Erickson v. Blake

839 F. Supp. 2d 1132, 102 U.S.P.Q. 2d (BNA) 1466, 2012 WL 847327, 2012 U.S. Dist. LEXIS 46628
CourtDistrict Court, D. Oregon
DecidedMarch 14, 2012
DocketNo. 3:11-CV-01129-SI
StatusPublished
Cited by13 cases

This text of 839 F. Supp. 2d 1132 (Erickson v. Blake) is published on Counsel Stack Legal Research, covering District Court, D. Oregon primary law. Counsel Stack provides free access to over 12 million legal documents including statutes, case law, regulations, and constitutions.

Bluebook
Erickson v. Blake, 839 F. Supp. 2d 1132, 102 U.S.P.Q. 2d (BNA) 1466, 2012 WL 847327, 2012 U.S. Dist. LEXIS 46628 (D. Or. 2012).

Opinion

OPINION AND ORDER

SIMON, District Judge.

Lars Erickson has sued Michael John Blake for copyright infringement of Mr. Erickson’s musical work, Pi Symphony. Mr. Blake has moved to dismiss the com[1134]*1134plaint for failure to state a claim upon which relief can be granted (Dkts. 1-10, 10). See Fed.R.Civ.P. 12(b)(6). For the reasons that follow, Mr. Blake’s motion to dismiss is granted.

BACKGROUND

In considering a motion to dismiss, the court must accept as true all well-pleaded factual allegations in the complaint and construe them in favor of the plaintiff. Daniels-Hall v. Nat’l Educ. Ass’n, 629 F.3d 992, 998 (9th Cir.2010).

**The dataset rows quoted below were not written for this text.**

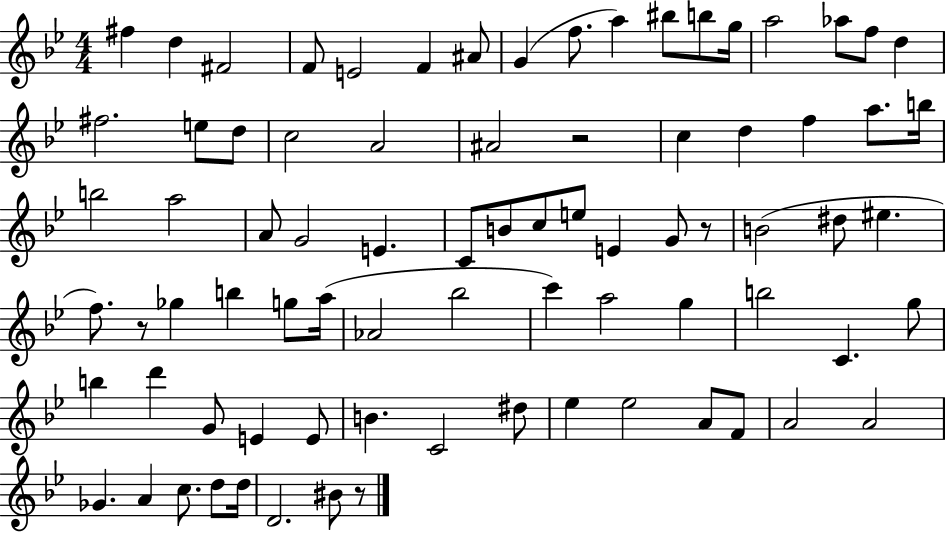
X:1
T:Untitled
M:4/4
L:1/4
K:Bb
^f d ^F2 F/2 E2 F ^A/2 G f/2 a ^b/2 b/2 g/4 a2 _a/2 f/2 d ^f2 e/2 d/2 c2 A2 ^A2 z2 c d f a/2 b/4 b2 a2 A/2 G2 E C/2 B/2 c/2 e/2 E G/2 z/2 B2 ^d/2 ^e f/2 z/2 _g b g/2 a/4 _A2 _b2 c' a2 g b2 C g/2 b d' G/2 E E/2 B C2 ^d/2 _e _e2 A/2 F/2 A2 A2 _G A c/2 d/2 d/4 D2 ^B/2 z/2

Mr. Erickson, who lives in Omaha, Nebraska, composed the work Pi Symphony in 1992 and registered it with the U.S. Copyright Office. Pi Symphony is an orchestral piece with two movements that is inspired by the number pi.1 For the primary motif of Pi Symphony, Mr. Erickson assigned each number between 0 and 9 to musical notes, which he then played in the order of the digits of pi. Mr. Erickson has maintained a web site, www.pisymphony. com, that promotes this work. In May 2010, he posted to this website a YouTube video that includes a performance of Pi Symphony and a detailed description of how he developed it.

In February 2011, Mr. Blake published a YouTube video of a musical work titled “What Pi Sounds Like.” Like Mr. Erickson, Mr. Blake assigned a number to each note of a musical scale and then constructed a melody by playing the notes in the order of the digits of pi. “What Pi Sounds Like” is a short canon based on this melody.2 Mr. Blake, who lives in Portland, Oregon, offers copies of his work for sale online. Mr. Erickson claims that “What Pi Sounds Like” infringes on his work, Pi Symphony. He sued Mr. Blake in the District of Nebraska, asserting copyright infringement and unfair competition claims.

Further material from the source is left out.